The economy fared better than expected in December while the services sector was naturally hit hard by the onset of omicron. The start of the new year brings its own challenges, with the cost of living crisis – exacerbated by tax increases in March – becoming a drag on the economy, while omicron likely continued to weigh in January.
None of this is likely to influence the Bank of England over the coming months as the central bank tackles high inflation head-on. Two rate hikes at consecutive meetings and a strong hint at more in the months ahead will compound the squeeze on households and businesses this year. Although that is certainly preferable to the alternative.
Oil jumps as IEA confirms tight market conditions
Oil prices are rallying once more as the IEA raised forecasts for demand this year and confirmed that OPEC+ missed its output targets again in January and by an even wider margin of 900,000 barrels. The group acknowledged that the market is tight right now while highlighting that a nuclear deal between the US and Iran could release 1.3 million barrels of supply. There was also a nod to Saudi Arabia, where available spare capacity is apparently concentrated. Not that the White House is having any luck convincing them to unleash it.
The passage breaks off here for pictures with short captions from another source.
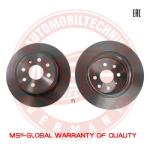 MASTER-SPORT Brzdový kotúč 24011002251-PCS-MS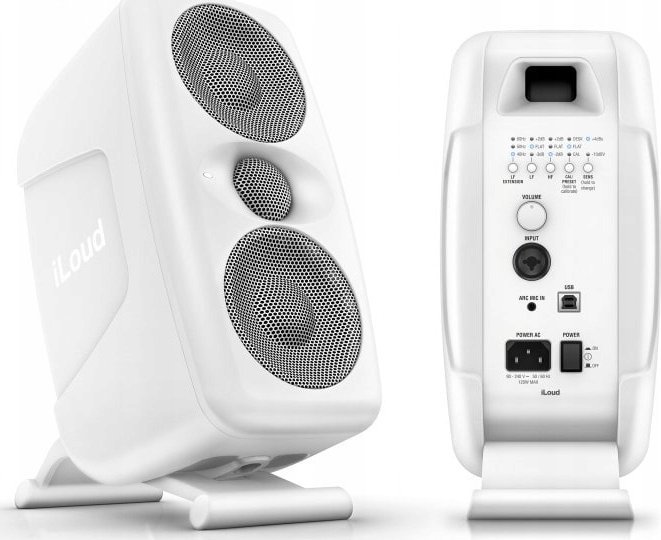 Paketë monitorësh studio IK Multimedia iLoud MTM Immersive Bundle, 11 altoparlantë, për Dolby Atmos, e zezë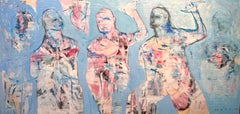 Vigilantes II, dalla serie Mediterránea. Marcio Márquez Massa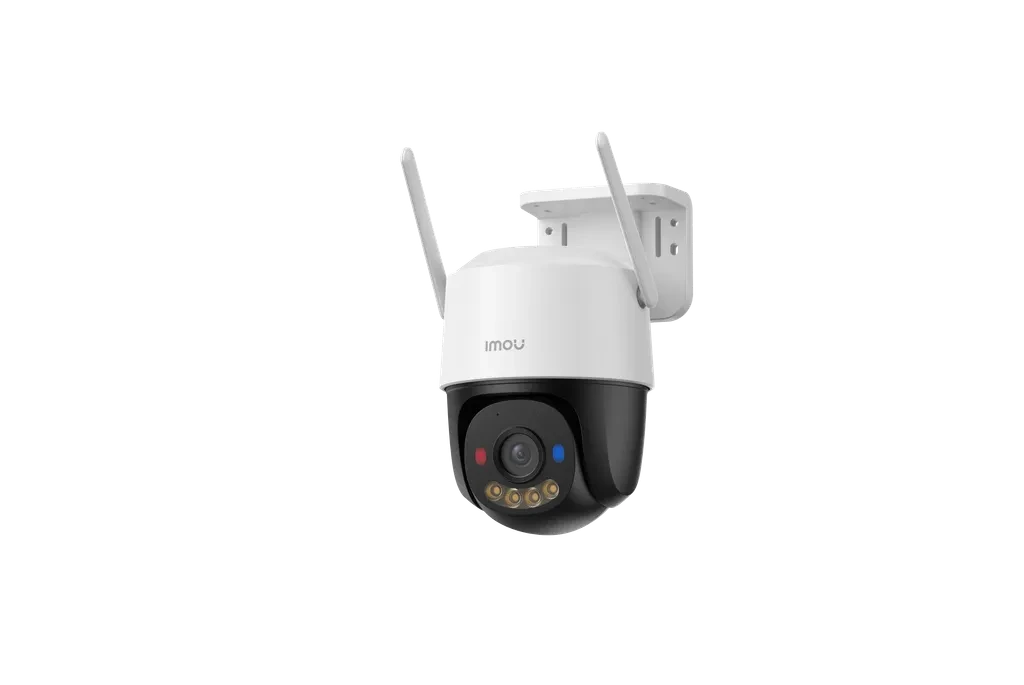 Camara Imou PT "Cruiser SC" 3MP 3.6mm IPC-K7FN-3H0WE Wifi, Micrófono, Parlante y Sirena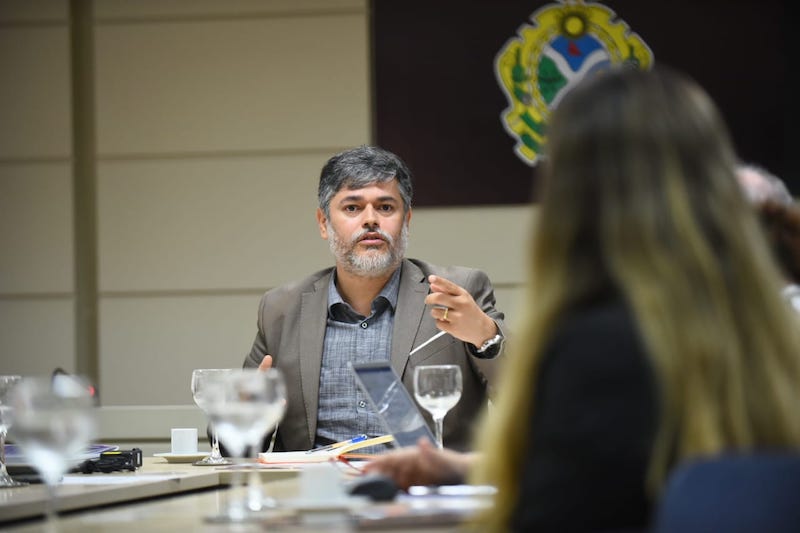 Governo do Amazonas busca recursos para saúde no Banco Mundial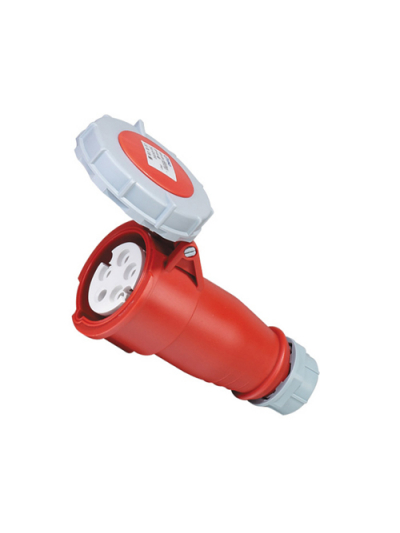 PNP, 16A, 415V, IP67, Coupler Socket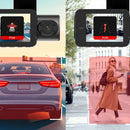 4K Dashcam With AI-Powered Driver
Gold slips after inflation data
A jump in yields on Thursday on the back of the inflation data stopped gold from recording the eighth day of gains in nine. The yellow metal gave up initial gains to end the day a little lower as markets priced in a sixth hike this year in the US and yields elsewhere also rose.
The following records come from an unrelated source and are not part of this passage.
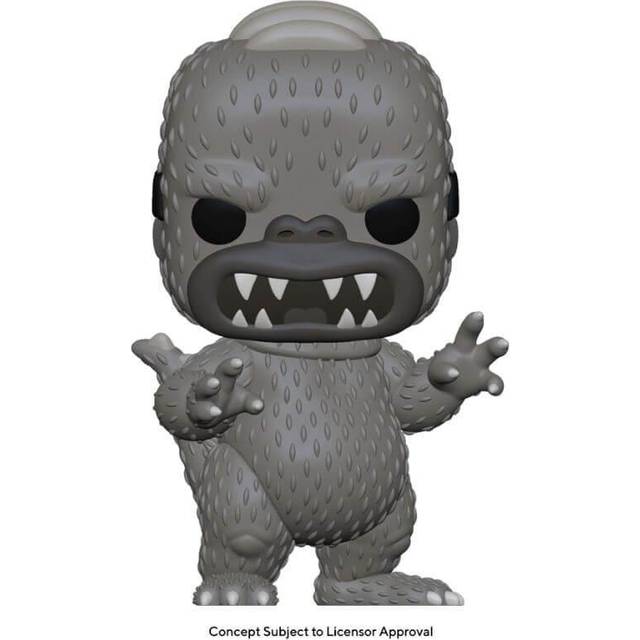 Funko   Pop    Homerzilla       Cm   Geekd   Dk
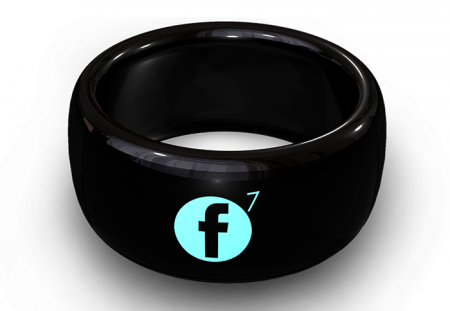 Умное кольцо Mota Smart Ring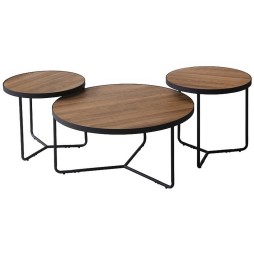 Комплект журнальних столів Demeter II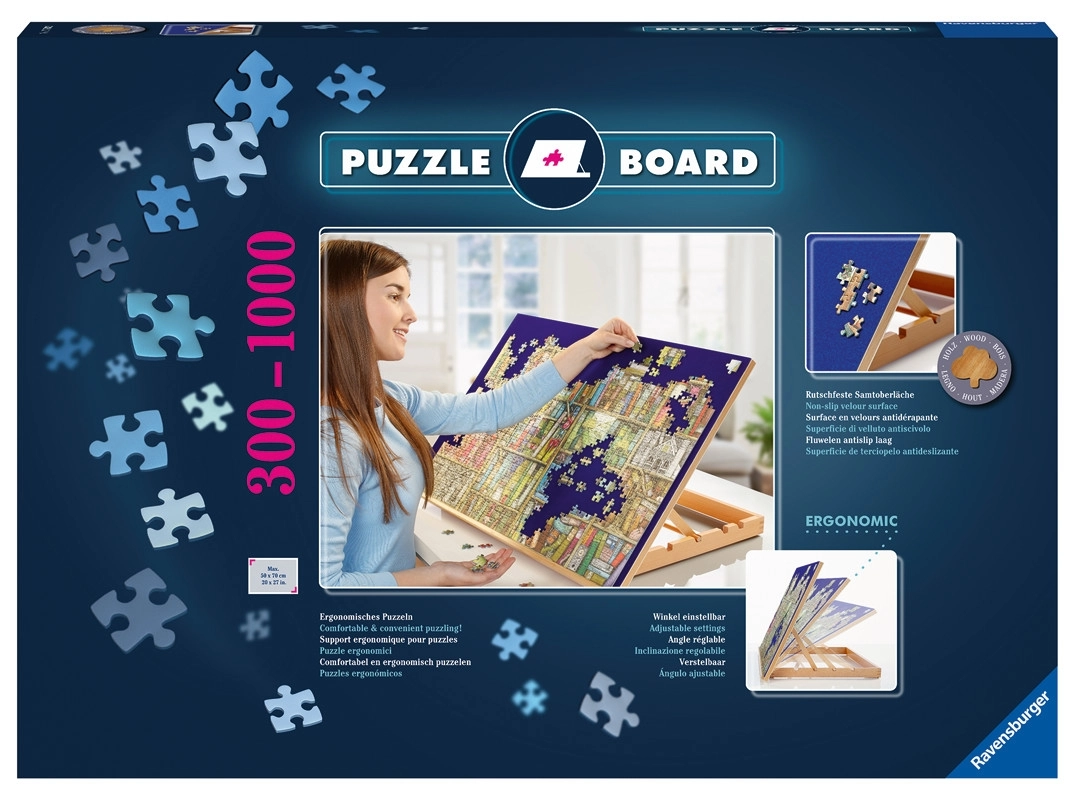 Puzzle-Board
Gold has remained a favourite recently even as rate hike expectations have increased, probably benefiting from its inflation hedge reputation, but there’s surely going to come a point when so many hikes are priced in that it will lose some appeal. That’s not to say it will suddenly tumble but gains may become limited, as we’ve seen in recent months around these levels.
Bitcoin continues to show resilience
Bitcoin has once again shown some resilience in these volatile markets, as it continues to linger around $45,500 resistance. Its link with risk assets over the last month or so appears to have weakened over the last week or two and we’re seeing that again over the last 24 hours. While stocks are coming under heavy pressure, especially the Nasdaq, bitcoin has only slightly pared gains after seeing some profit-taking around key resistance. That could give the crypto crowd plenty of confidence in the coming weeks even if broader risk appetite remains shaky.